Write all of the entries out again exactly, but not the images.
────
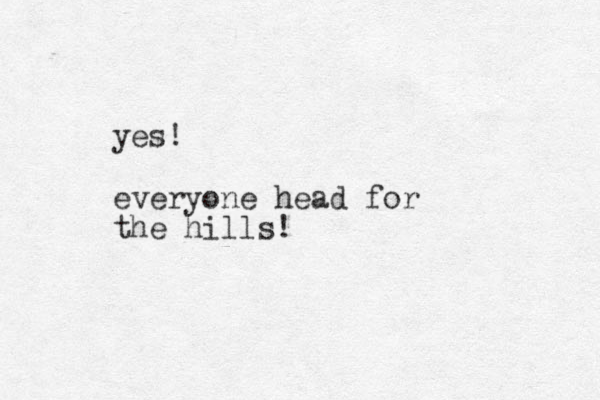 yes! everyone head for the hills!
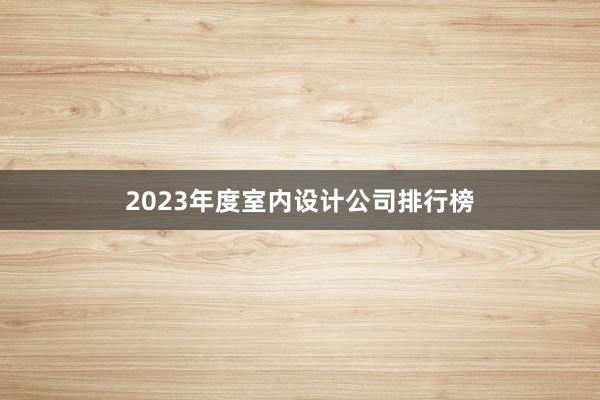 2023年度室内设计公司排行榜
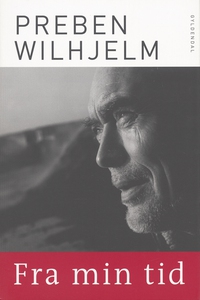 Fra min tid (e-bog) af Preben Wilhjel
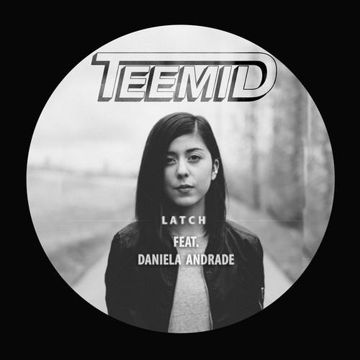 Latch (TEEMID X Daniela Andrade Edition)-cover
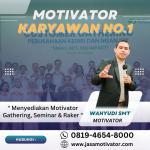 Motivator Karyawan Solo, Fun & Aplikatif! Meningkatkan Produktivitas Kerja (0819-4654-8000)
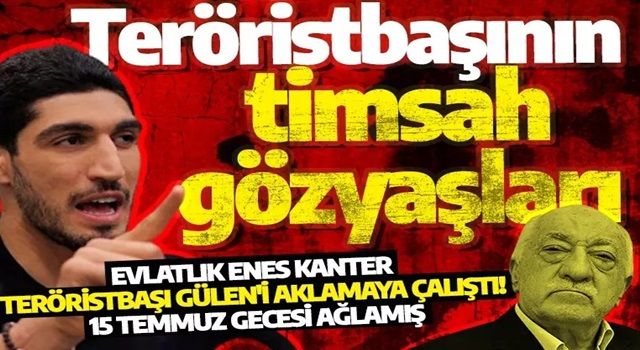 Evlatlık Enes Kanter teröristbaşı Gülen'i aklamaya çalıştı! 15 Temmuz gecesi ağlamış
────
Result of the task>
 yes! everyone head for the hills!
 2023年度室内设计公司排行榜
 Fra min tid (e-bog) af Preben Wilhjel
 Latch (TEEMID X Daniela Andrade Edition)-cover
 Motivator Karyawan Solo, Fun & Aplikatif! Meningkatkan Produktivitas Kerja (0819-4654-8000)
 Evlatlık Enes Kanter teröristbaşı Gülen'i aklamaya çalıştı! 15 Temmuz gecesi ağlamış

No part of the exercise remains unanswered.